A PostgreSQL covering index is not a performance fix by itself; it is a bet that the query, the index payload, and the visibility map will stay aligned under real production churn.

Situation

The default move is still an ordinary B-tree index on the predicate column: CREATE INDEX ON users(email). The better move, when the read path is stable, is a covering index using PostgreSQL 11’s INCLUDE clause, which stores projected columns in the index payload so an index-only scan can answer the query without visiting the heap when visibility permits it.

Approach	What it optimizes	What it still pays for
Ordinary B-tree index	Finds matching tuple IDs quickly	Heap reads for projected columns and Multi-Version Concurrency Control (MVCC) visibility
Covering index with `INCLUDE`	Keeps predicate and selected columns in one index	Larger index, write overhead, visibility map dependency
Covering index plus vacuum discipline	Avoids heap access for stable pages	Operational ownership of autovacuum and long transactions

The Problem

PostgreSQL indexes do not store complete row visibility. They can point to candidate rows, but MVCC visibility is determined from heap state unless PostgreSQL can trust the visibility map. The official PostgreSQL documentation is explicit: index-only scans only win when the needed columns are available from the index and a significant fraction of heap pages have their all-visible bits set in the visibility map.

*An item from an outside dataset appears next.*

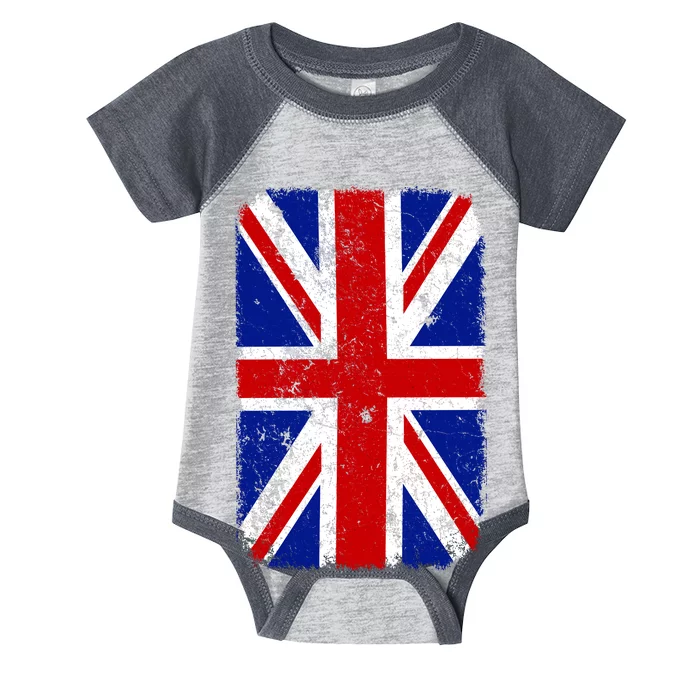 Big Vintage British England Flag Infant Baby Jersey Bodysuit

Failure point	What breaks	Why it matters
Projection misses the index	`SELECT username, status` uses `idx_users_email(email)` and still reads the heap	The index finds rows, but the table still serves the selected columns
Visibility map is stale	Plan says `Index Only Scan`, but reports `Heap Fetches: 12000`	The scan is only “index-only” for pages marked all-visible
Autovacuum threshold is too loose	Default `autovacuum_vacuum_scale_factor = 0.2` can mean roughly 40M changed tuples on a 200M-row table before vacuum triggers	Large tables can accumulate heap pages that are not all-visible for too long
Included column churn	Updating `status` or `username` touches an indexed column	PostgreSQL must maintain the index entry, and HOT updates are less likely
Staging lies politely	Freshly loaded and manually vacuumed test data shows zero heap fetches	Production write churn, old snapshots, and delayed vacuum change the execution profile

The core question is not “did we add an index?” It is: can PostgreSQL answer this production query from the index while proving that the referenced heap pages are visible to the current snapshot?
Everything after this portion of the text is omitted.